Saya pun seperti Anda. Saya mencintai KPK. Meski cintaku ini sederhana, "dengan kata yang tak sempat diucapkan kayu kepada api yang menjadikannya abu, dengan isyarat yang tak sempat disampaikan awan kepada hujan yang menjadikannya tiada," kata Sapardi Joko Damono.

KPK itu layaknya Dian Sastro. Sedalam-dalamnya cintaku pada Dian, tak sangguplah aku memilikinya. Cukup sebagai fans club. Jika pun Dian teraniaya, aku pasti yang terdepan membelanya di Medsos. Toh, dia kan sudah ada yang punya. Sama kayak KPK. He.

Bagi mereka yang berdemo dibayar, tak hanya di KPK, di mana pun Akhi-Ukhti berada, salam hormat dari saya. Kalian pahlawan bagiku atau bagi keluarga kalian. Tanpa kalian, pemilik pick up barangkali tak dapat job penyewaan.

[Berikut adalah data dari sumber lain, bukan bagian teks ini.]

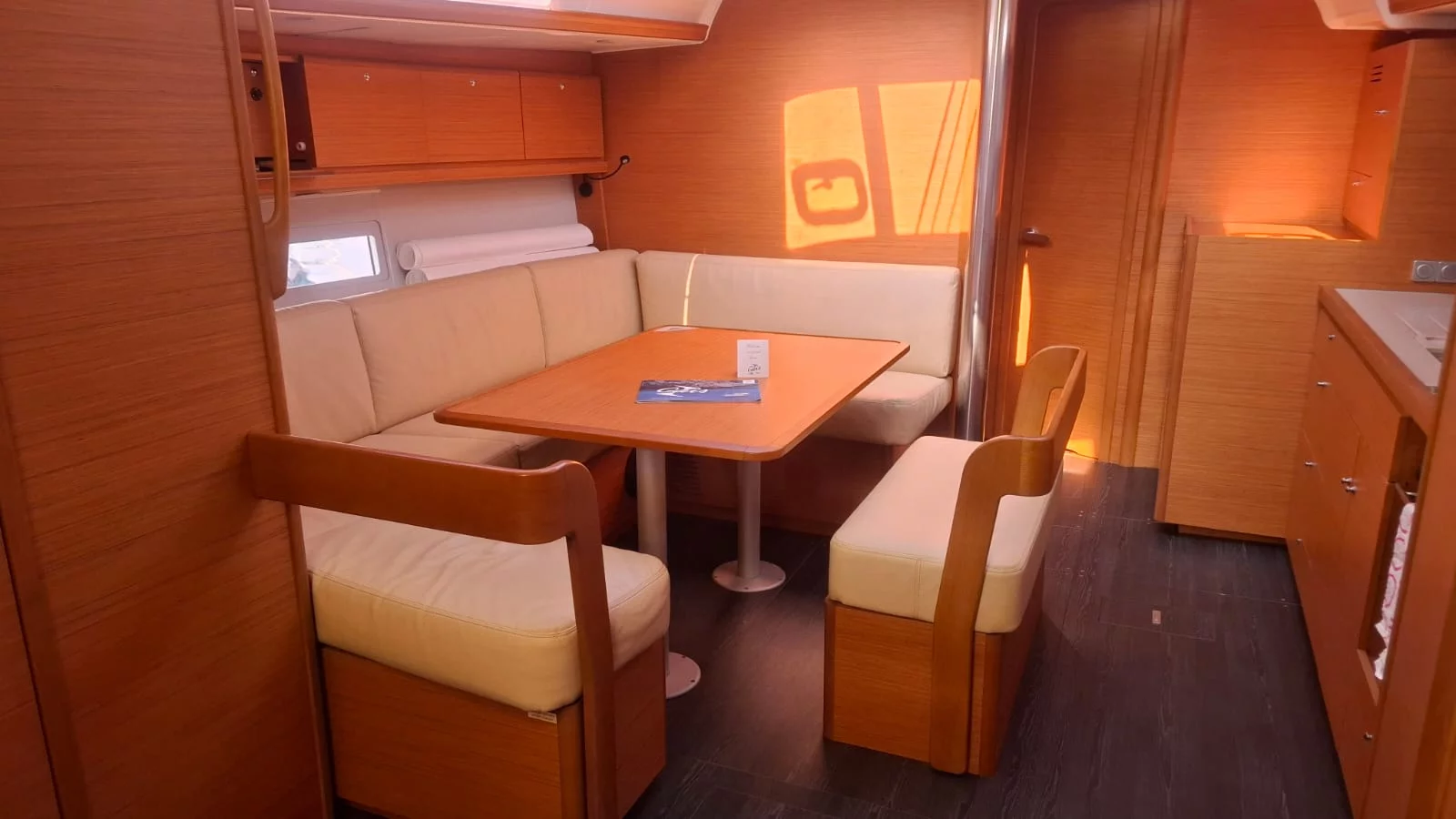 Dufour 430 GL (Ilio)  - 7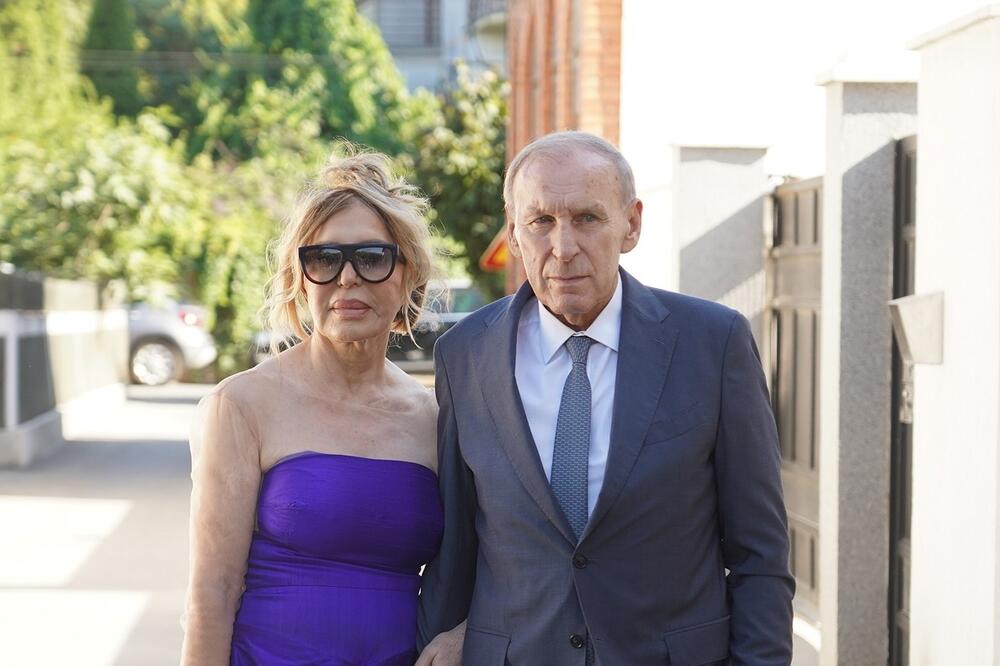 Branka Džajić živi kao kraljica! Na svadbi postala glavna tema - zbog cene torbe ćete možda pasti, bravo Dragane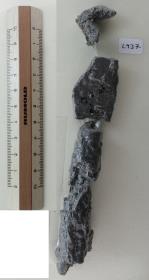 Lanzenspitzenfragment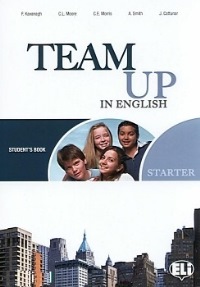 Team Up in English Starter Student�s Book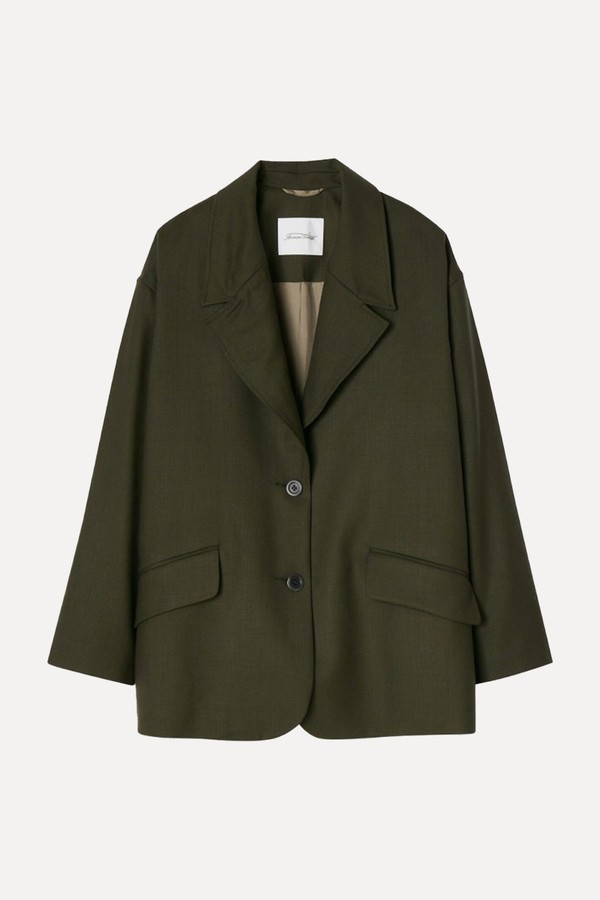 Tabinsville Blazer from American Vintage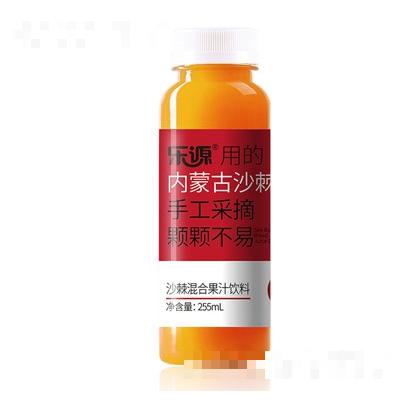 樂源壹品沙棘混合果汁255ml（瓶）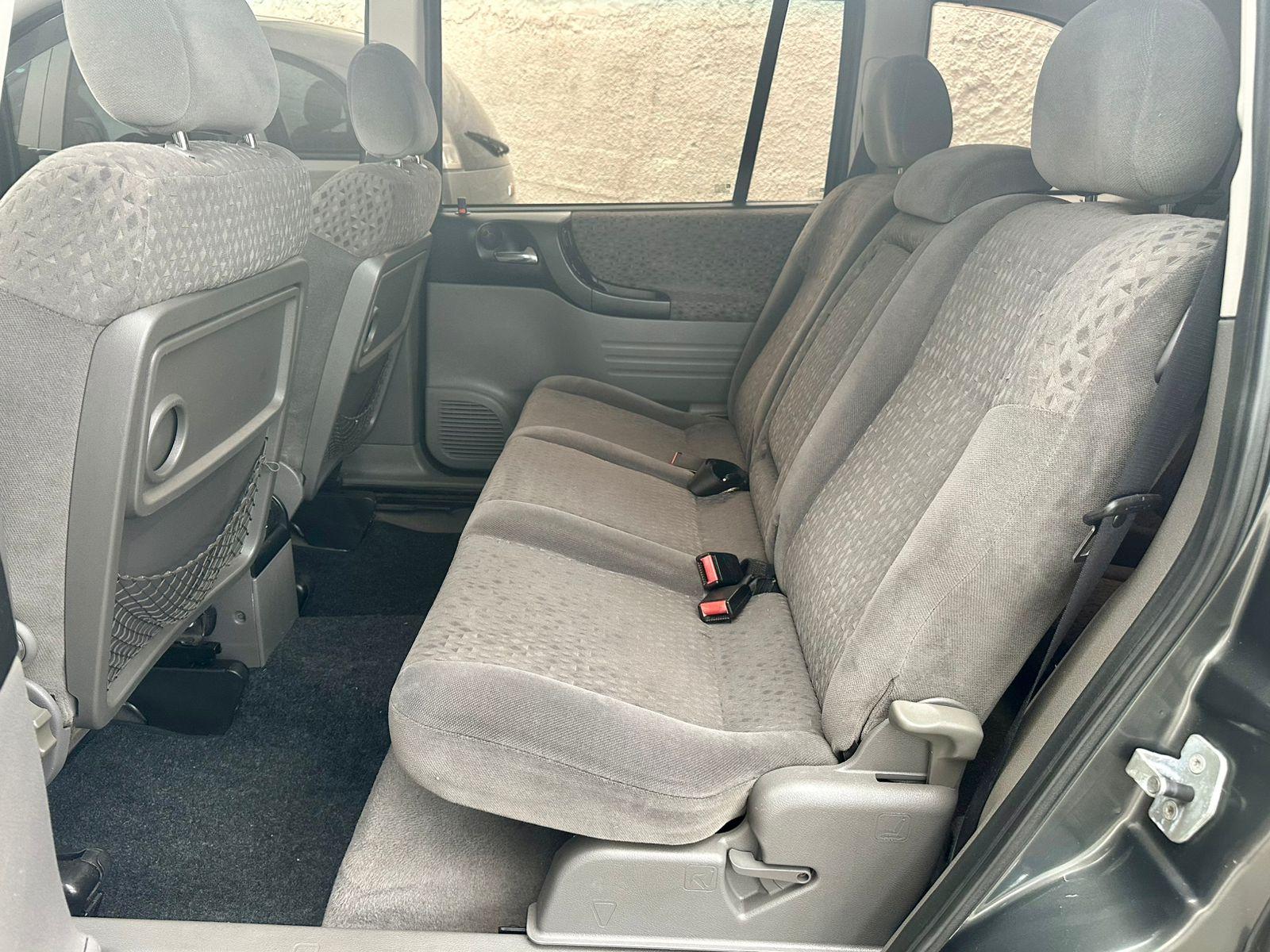 CHEVROLET Zafira - Foto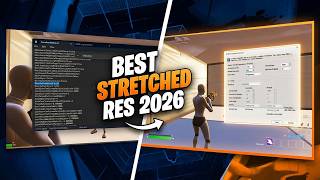 How To Get Stretched Resolution in Fortnite! (DOMINATE WITH THIS)
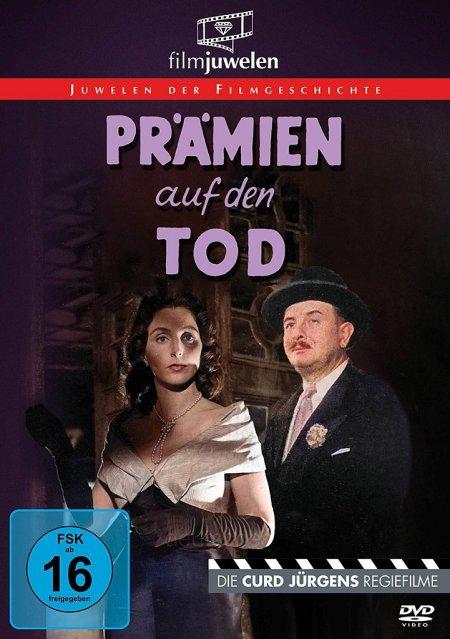 Vorderes Coverbild Prämien auf den Tod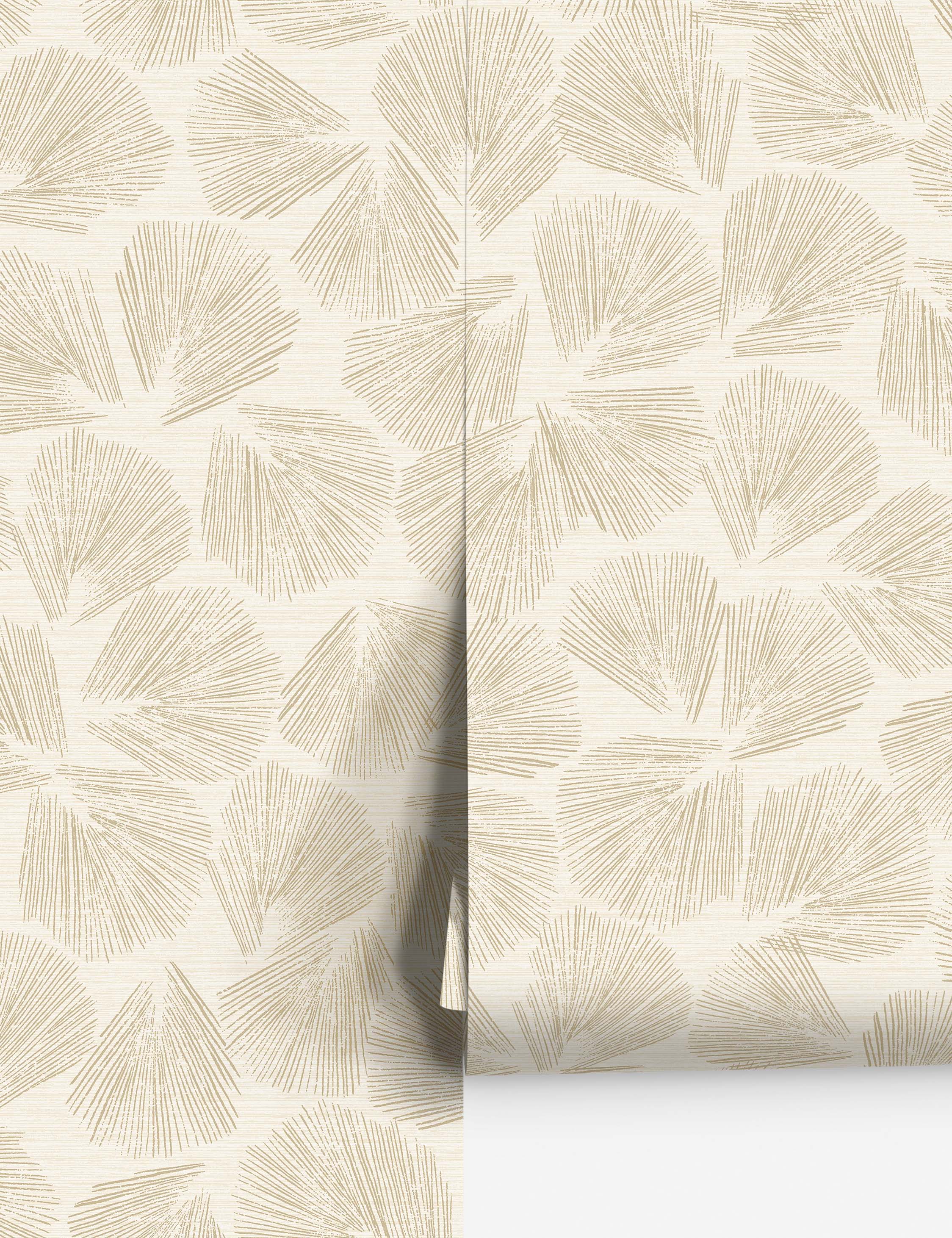 Elora Leaf Wallpaper by Christiane Lemieux - Image 6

Para pemilik jasa penyewaan sound system demikian adanya, ada job tambahan.

Ibu-ibu pemilik katering pasti juga girang dapat pesanan nasi kotak demo. Demikian juga, para penjual cilok, pedagang asongan, dan siapa pun yang barangkali berjualan di sekitaran aksi demo, sedikit banyak memberi imbas positif pada mereka.